121: On Command: Reflection on leading as a Captain

Published November 10, 2024 |

The year 2024 was one intended to be slightly regressive. Emphasising other aspects beyond the romanticism and suffering of impassioned work. But, life tends to drop hints along the way, and I find myself a little overwhelmed with the ever accumulating “Extra Curricular Activites”.

As far as I enjoy the multiplicty of experienes, its more difficult when everything is new. There is only so much, and so little capacity one has within a year to adopt.

Cellini (by ways of a Jason Everman) said a “well-rounded man should be an artist, a warrior and philosopher”. In some sense I had pursued thought and thinking (evident in these posts ), a half-cooked attempt at art (which i indulge in cooking and amateur poetry). But what is it to be a warrior? A blend of hunger (to kill) and primal instincts, when one is in a life or death situation?


Taking Up Command

It took 5 years, for the incumbent, or the “system” to get me to accept the role. I was put off, largely because the role added an immense amount of administration and time demands, before and after the training period. But I caved, for there were no others.

Approach

As a first timer with first timers doing things, there were numerous uncertainties. Uncerainty of labour (in ability, in illness); Uncertainty in assets (Operating numerous heavy vehicles and equipment - all adding risk; Uncertainy in Control (fresh, unproven junior commanders).

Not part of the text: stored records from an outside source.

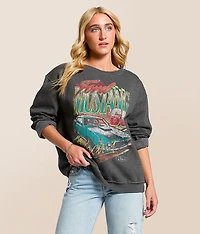 '69 Ford Mustang Oversized Pullover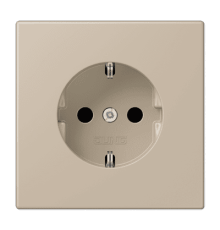 Розетка Schuko с защитой от детей Jung LC1520KI243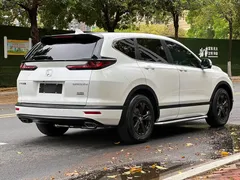 2021 Honda Breeze 240TURBO CVT 2WD, белый — фото 7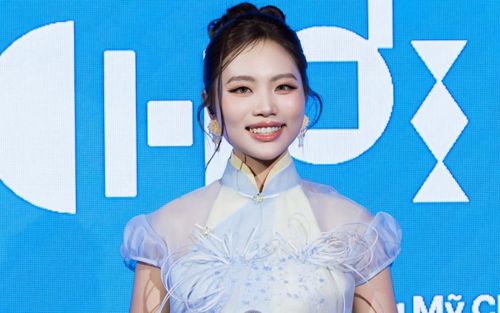 Phương Mỹ Chi phản ứng trước thông tin 'mang thai'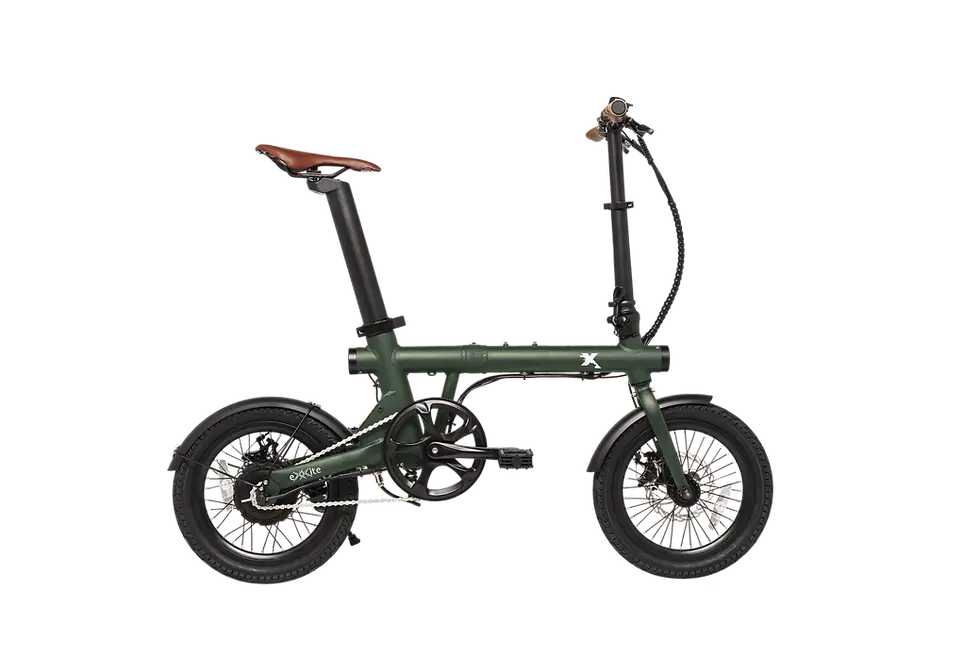 תמונה ממוזערת: אופניים חשמליים Rayvolt XXS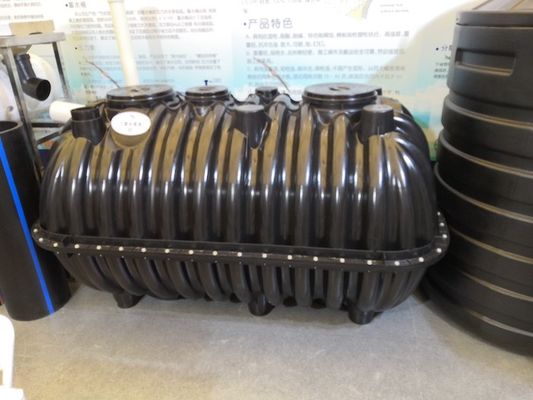 Легкая стальная форма Пластиковый резервуар для воды Rota Mold Customizde OEM Ротационная формование Пластиковый резервуар для воды с лучшим качеством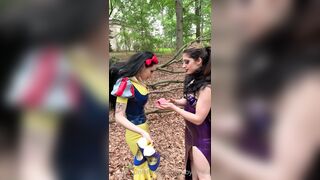 Rubyalexia (Ruby Alexia) OnlyFans Leaks pocket-sized Goth Fetish Queen 294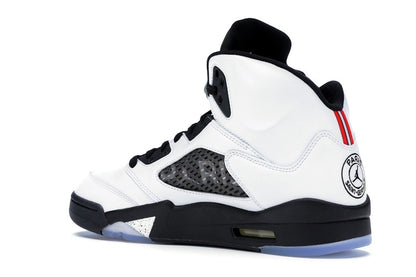 Jordan 5 Retro Paris Saint-Germain White (F&F)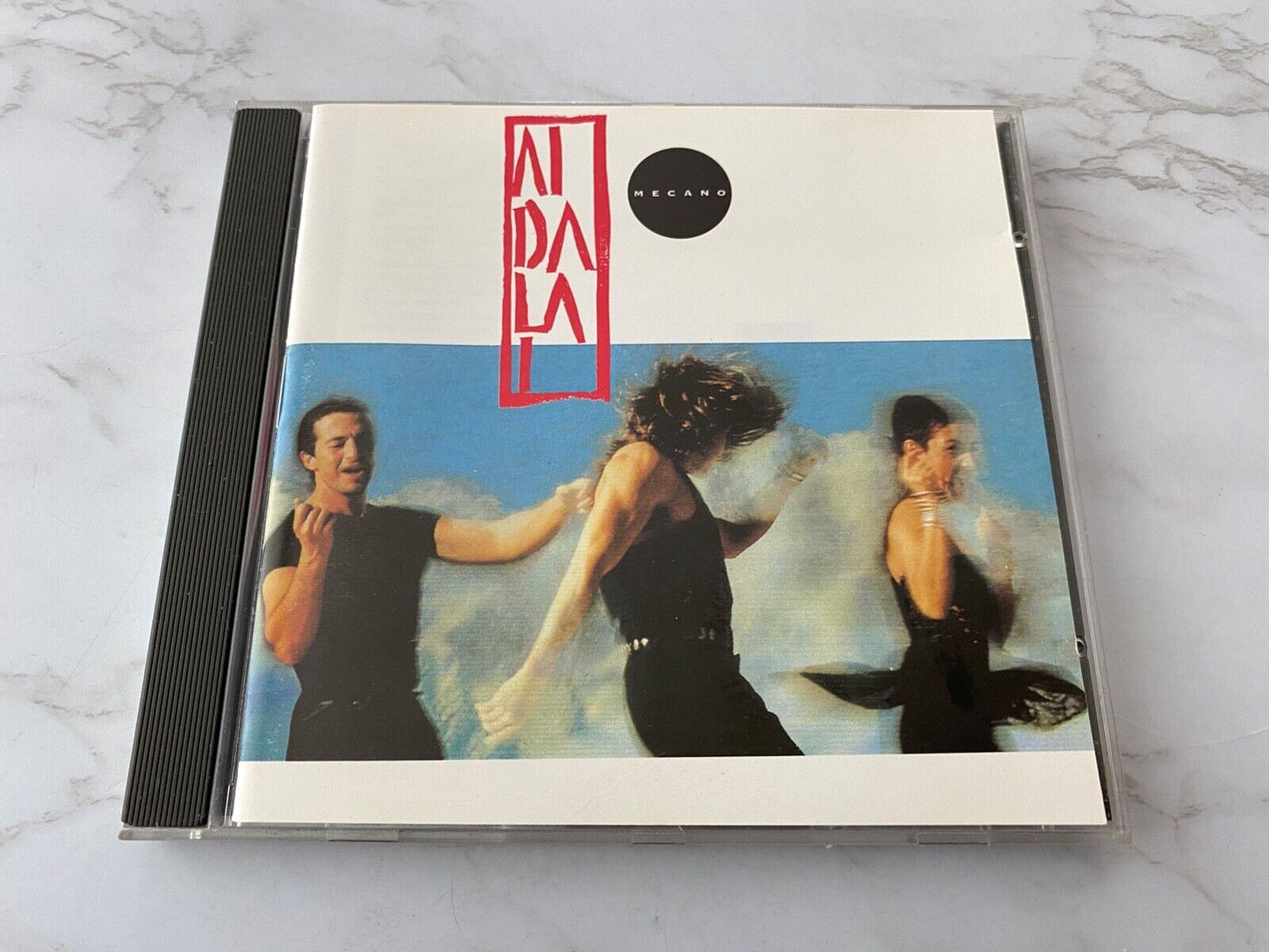 Mecano – Aidalai (1991)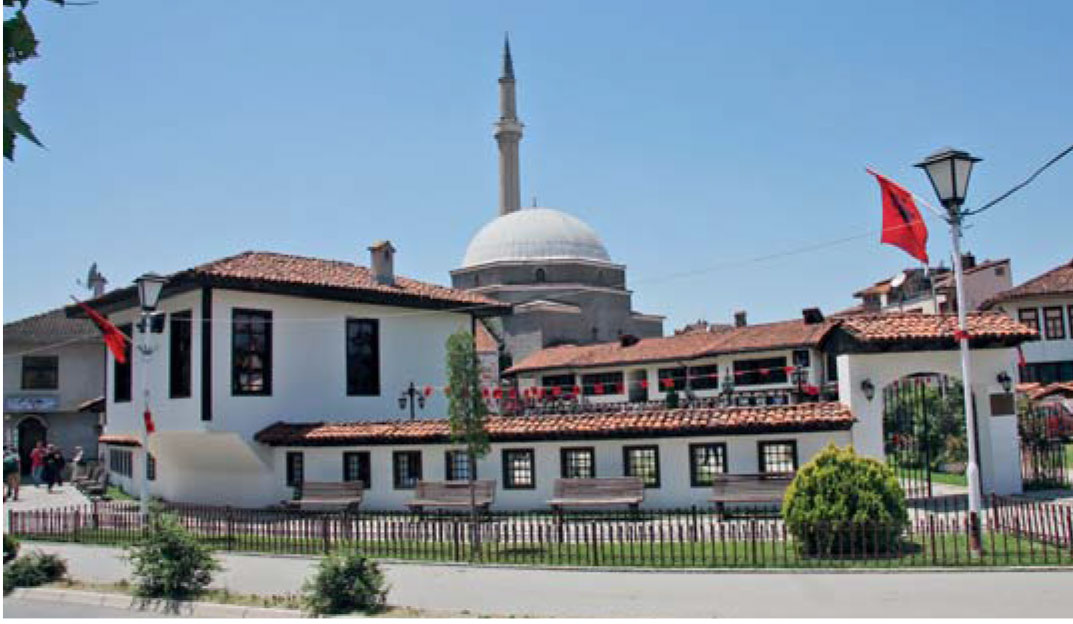 Şiir gibi şehir Prizren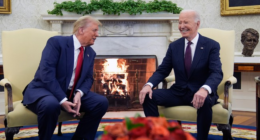 Team Biden Picks Where to Put Joe's Presidential Library, but They Are Worried and It's All Trump's Fault – RedState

Moreover, I had probably one of the diverse mission sets, marked by a wide variance in operational tasks to complete. This further limited my ability to cross train and build structural resiliency across the team, and limited my ability to redeploy specialised vehicles.

But as with first time things, and to be practical - I went in with several main things in mind, with a focus on laying the right foundations: Building a clear Organising Structure; Enabling a communication infrastructure; appointing a strong leadership team; and familiarising everyone to the things we need to do and train competencies for.

Makes sense - but mere directional guidance is certainly not enough to get there.

Execution takes time. Building the fundamental infrastructure for manpower necessitated a gargantuan amount of administration. Of which I treated and resourced as seriously as the front line teams. Poor admin leads to the ruin of the army. And it starts with the basics of having people well fed, well watered , well slept with a roof over their heads. While ensuring accountability for them at all times. I wonder if my past obsession with Marshal Berthier infleunced this.

Service and Motivation

Yet, it is one thing to manage things in our day to day lives (at work for example), but it is another thing to wrangle a largely voluntary reservist force to do things in the heat.

And variances in attitude are immediately noticeable - those who lean in and do their best, whether for intrinsic or extrinsic motivation; Those who take a backseat completely and those somewhere inbetween: reliable, if reluctant. The former might have elements of a higher calling, others nationalistic, but ultimately, it is also about just how one approaches life, hardship and things out of one’s control.

The discipline and enforcement needed to be in place. as the trade offs were too high: safety and security are both non negotiables, and poor planning or mismanagement (see poor admin) mutiply such risks signficantly.

Mental Tools and Skills

Having worked in, and evolved by working in startups over the past few years, numerous aspects come to mind: Multitasking, trade-off mindset to facilitate fast decision making. Rapid learning and speed to decision.

Pareto 80-20 rules, avoidance of perfectionism and the “can’t please everyone mindset”, but yet having a zero tolerance policy when it comes to safety. Bottlenecks and attaining “good-enough” information to make decisions.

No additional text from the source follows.